The Apprentice Episode 1 – the circus comes to town

After she’s got over an ear-bending from the owners of The Dragons’ franchise elsewhere on the Beeb, for plagiarising their format, the Producer of the Apprentice must be spitting blood. Doesn’t the Good Lord! Sugarlump get it yet? We schadenfreudians, devoted, long-serving crew of the Apprentice-Ship, know as Little Al should by now, that entertainment-wise the MG’s (Mouthy Gits) always give better value than the UMOA’s (Up-My-Own-Arsers). In that expression just made for the show – it was a no-brainer. Li’l Al how could you! And poor old ‘Roll-With-The-Punches’ Ed Hunter got chopped off at his already disturbingly, to him, low-flying knees before he’d even warmed up. Came up short as we might say. Bad thinking too m’lord: here was the perfect candidate to stand next to you in the photoshoots without lowering the angle. As decisions go – this was pretty short-sighted I’d say. Oh God – Shortism’s a bit like the ‘don’t think about a pink elephant’ psychological game.

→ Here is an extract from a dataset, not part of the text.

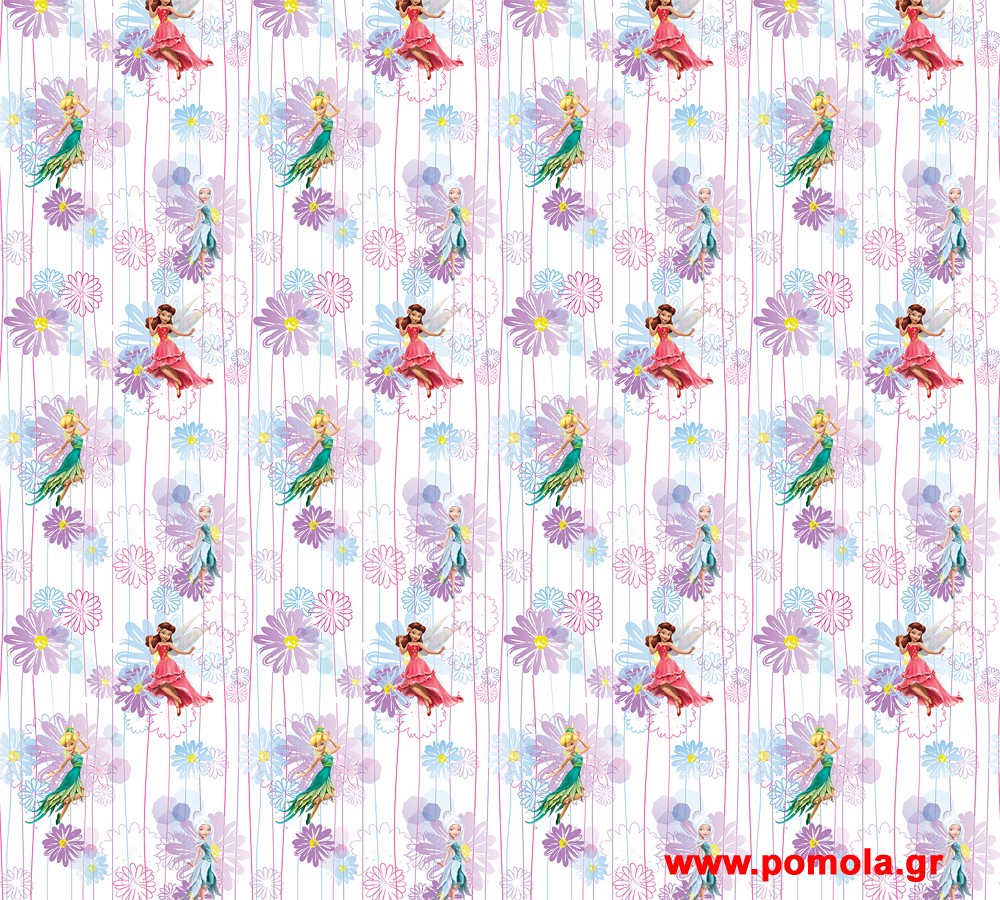 037 Kουρτινα με Ψηφιακη Εκτυπωση 180 πλατος χ 160 υψος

It really is most frustrating: Li’l Ed promised to be a real prospect to be measured against the giants of the past; Stuey Baggs-I-First or Bigmouth Ben I-Went-To-Sandhurst Clarke. But even these two past stars in Galaxy Apprentice did manage to convey their obnoxiousness in complete sentences. I can understand that Li’l Al got frustrated trying to construct a meaningful utterance from the sparse, single-word clues Hunter Ed offered him. But what potential this double act had: in a dialogue reminiscent of the classic Two Ronnies Mastermind sketch where Corbett’s answers matched the question before, not the one just asked; Little Game Hunter’s Delphic non-sequiturs had the nation and Li’l Al struggling to get even an inkling of what the f**k he was trying to say.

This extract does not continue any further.